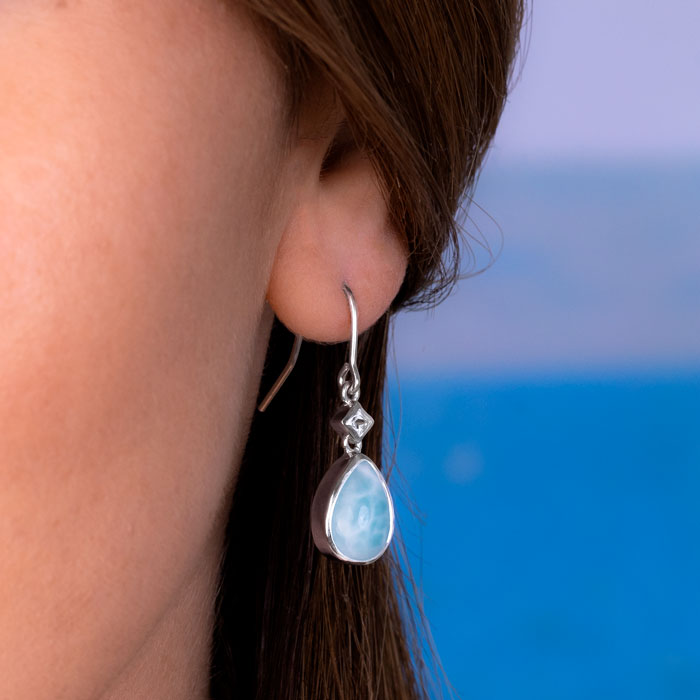 Larimar Stone Sterling Silver Luminara Drop Dangle Earrings Marahlago Jewelry Teardrop Gemstone White Sapphire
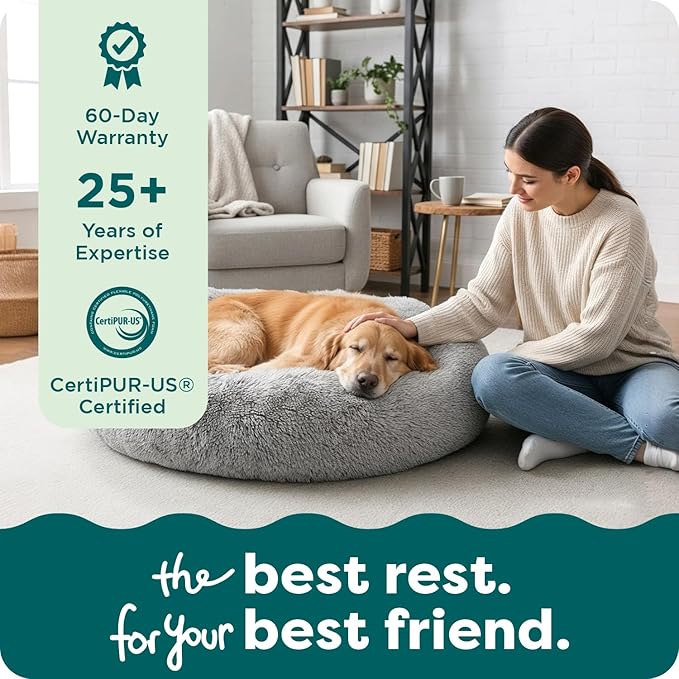 FurHaven 36" Calming Donut Dog Bed for Large Dogs, Round Plush Donut Design with Soft Filling for Snuggling Comfort, Removable Washable Cover, Large, Shaggy Faux Fur, Mist Gray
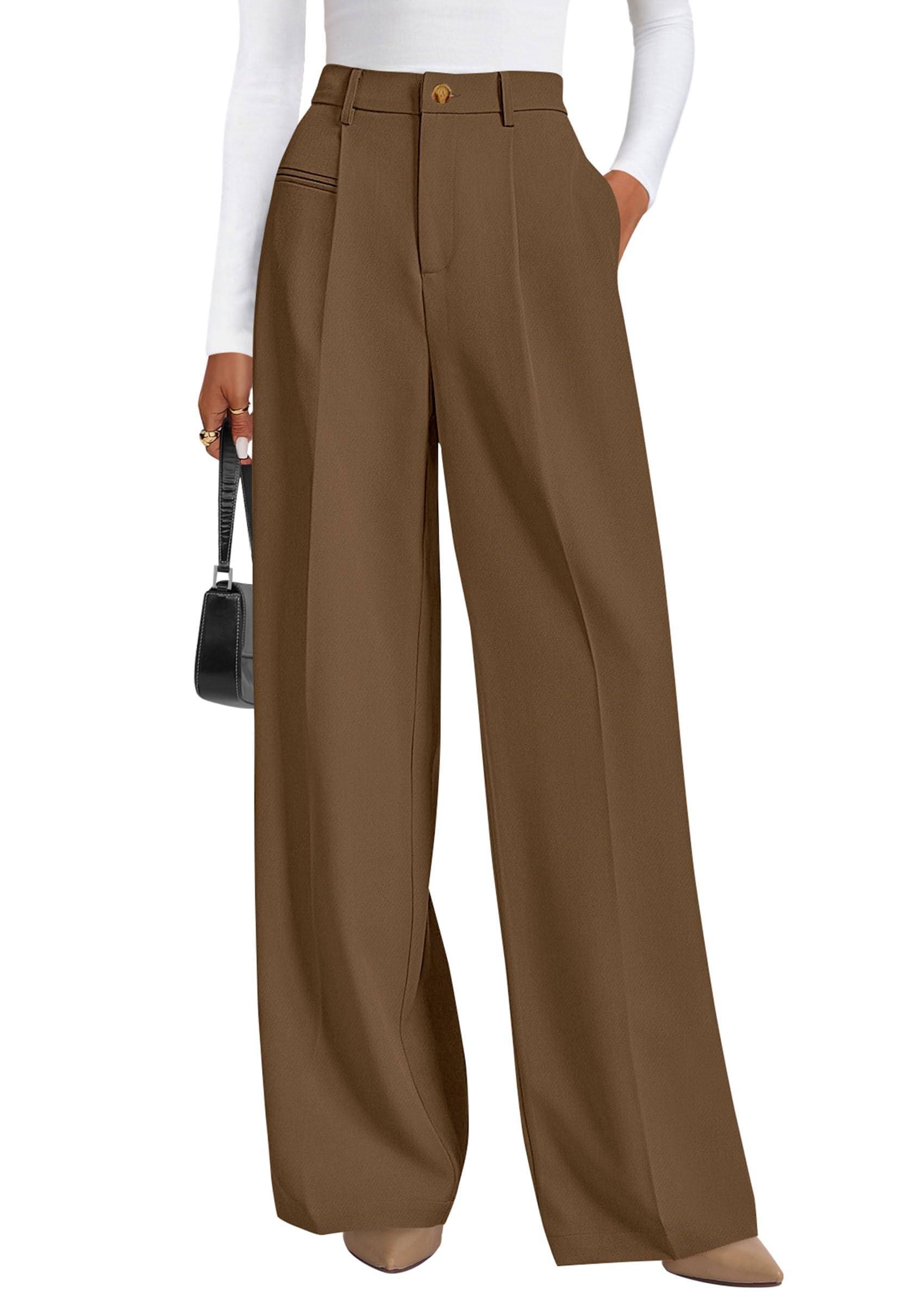 PRETTYGARDEN Women's Tailored Wide Leg Work Dress Pants | High Waisted Flowy Business Casual Palazzo Pants, Professional Office Trousers Slacks, Interview Outfits, Work Clothes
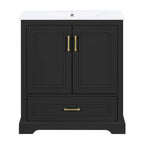 Bathroom Vanity With Sink, 1 Divided Drawer And 2 Soft Close Doors With Double Shelf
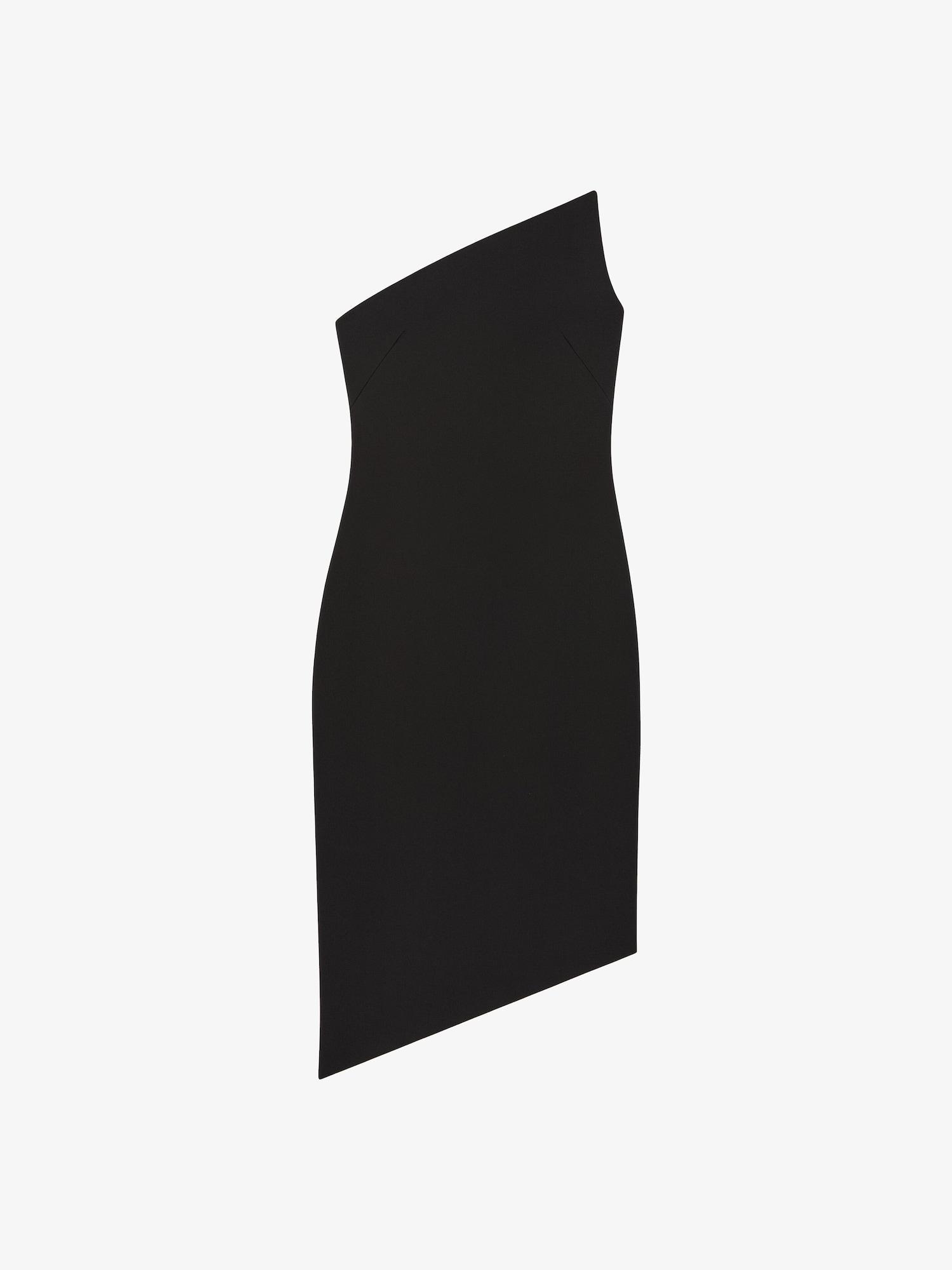 Asymmetric bustier dress in wool Product Image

+ + + + +

**What you are asked to do**
Return only the lines from the line containing "PRETTYGARDEN Women's Tailored" through the last line of the records above, both ends included, exactly as written, leaving pictures out.

**Exercise result**
 PRETTYGARDEN Women's Tailored Wide Leg Work Dress Pants | High Waisted Flowy Business Casual Palazzo Pants, Professional Office Trousers Slacks, Interview Outfits, Work Clothes
 Bathroom Vanity With Sink, 1 Divided Drawer And 2 Soft Close Doors With Double Shelf
 Asymmetric bustier dress in wool Product Image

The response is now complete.